*Data listing*.
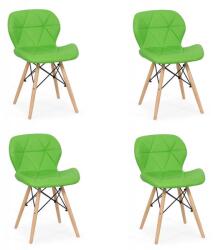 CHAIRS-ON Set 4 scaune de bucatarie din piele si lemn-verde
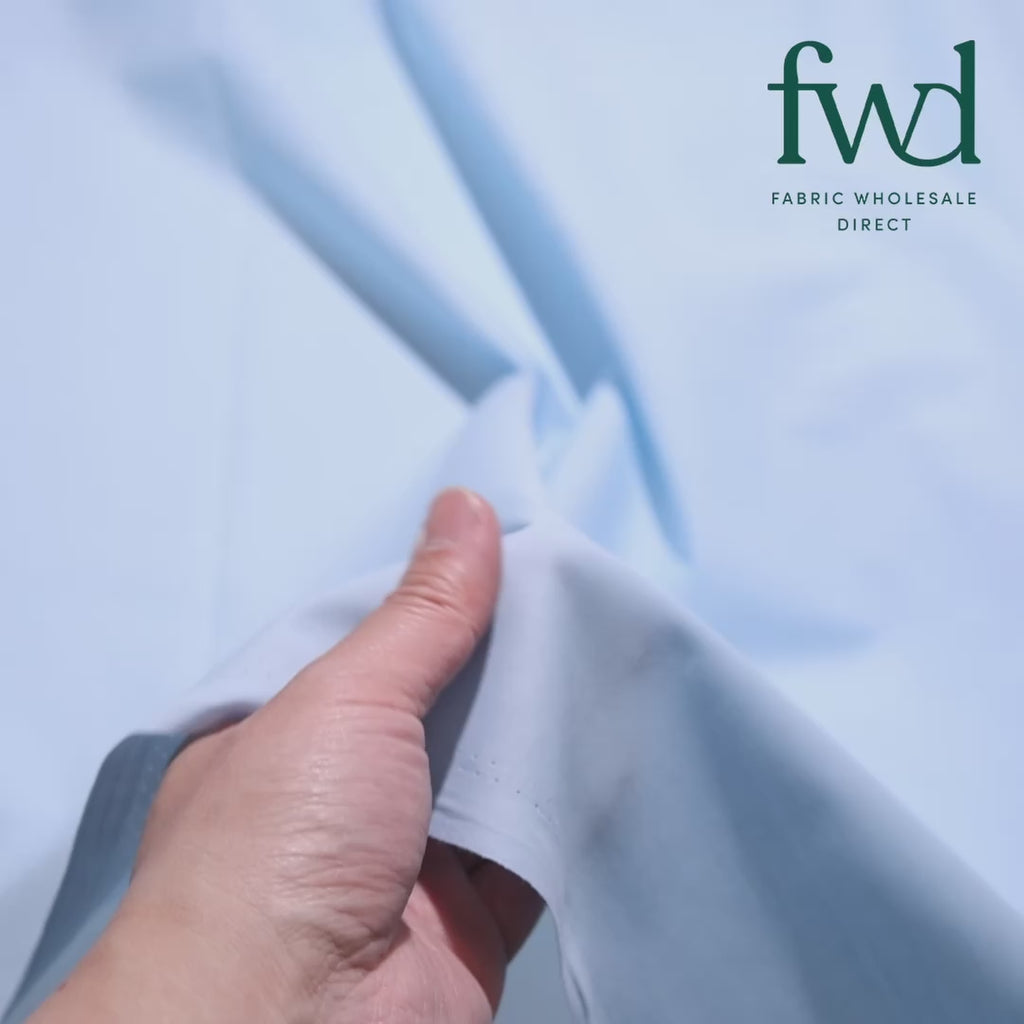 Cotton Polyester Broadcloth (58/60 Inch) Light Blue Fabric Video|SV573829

--

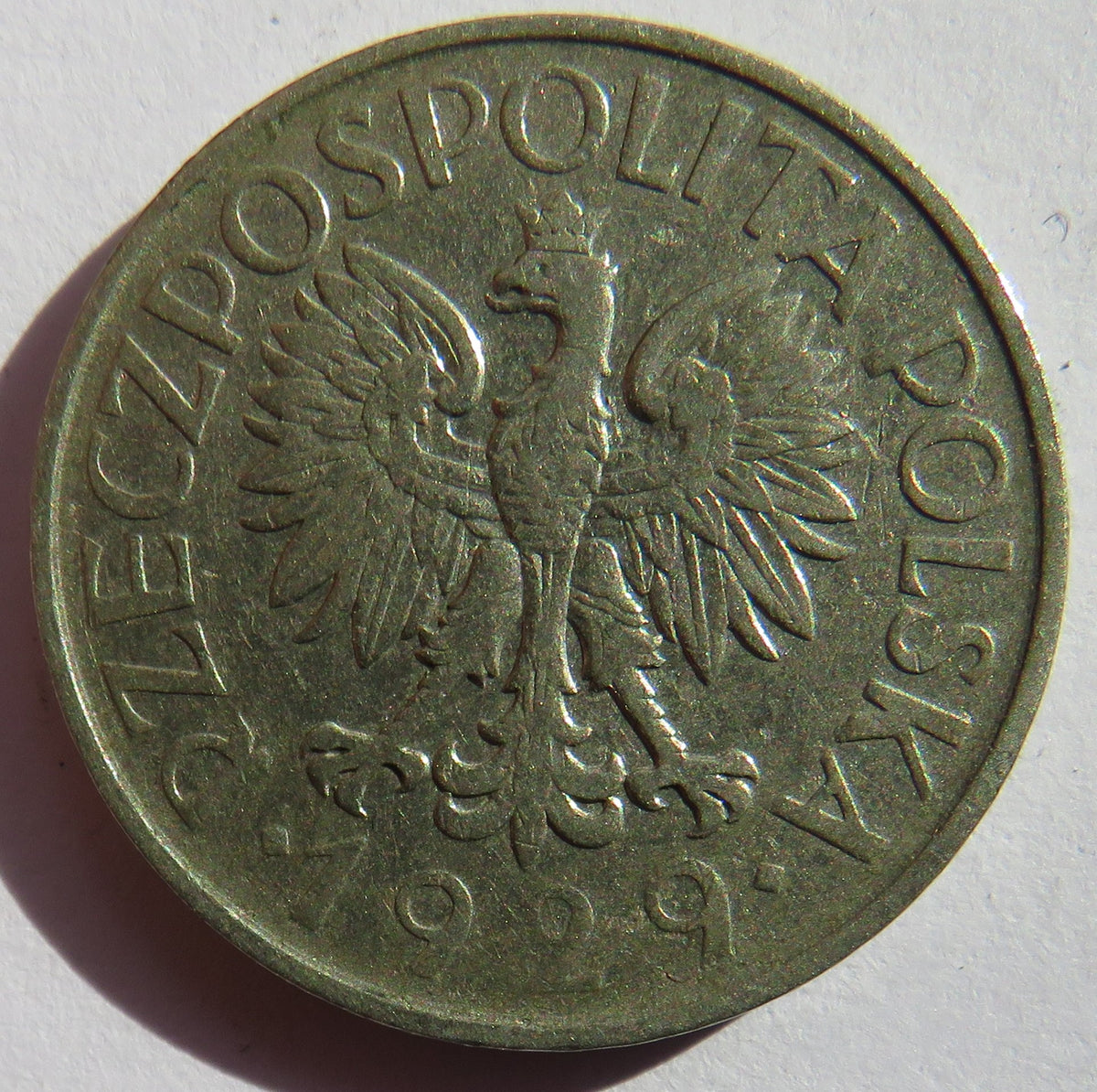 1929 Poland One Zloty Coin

* * *

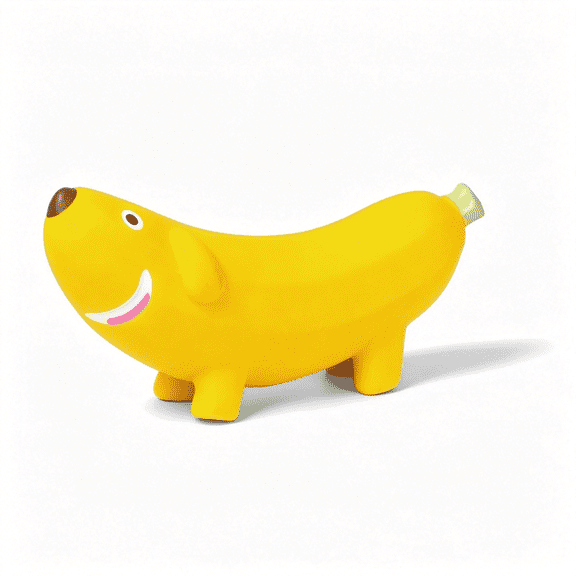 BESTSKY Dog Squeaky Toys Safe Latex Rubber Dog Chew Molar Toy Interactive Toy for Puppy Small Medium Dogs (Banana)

*What is required*.
Give again, exactly as written above, every line from the one holding "CHAIRS-ON Set 4" to the one holding "Cotton Polyester Broadcloth", with both ends kept and the pictures left out.

*Your solution*.
 CHAIRS-ON Set 4 scaune de bucatarie din piele si lemn-verde
 Cotton Polyester Broadcloth (58/60 Inch) Light Blue Fabric Video|SV573829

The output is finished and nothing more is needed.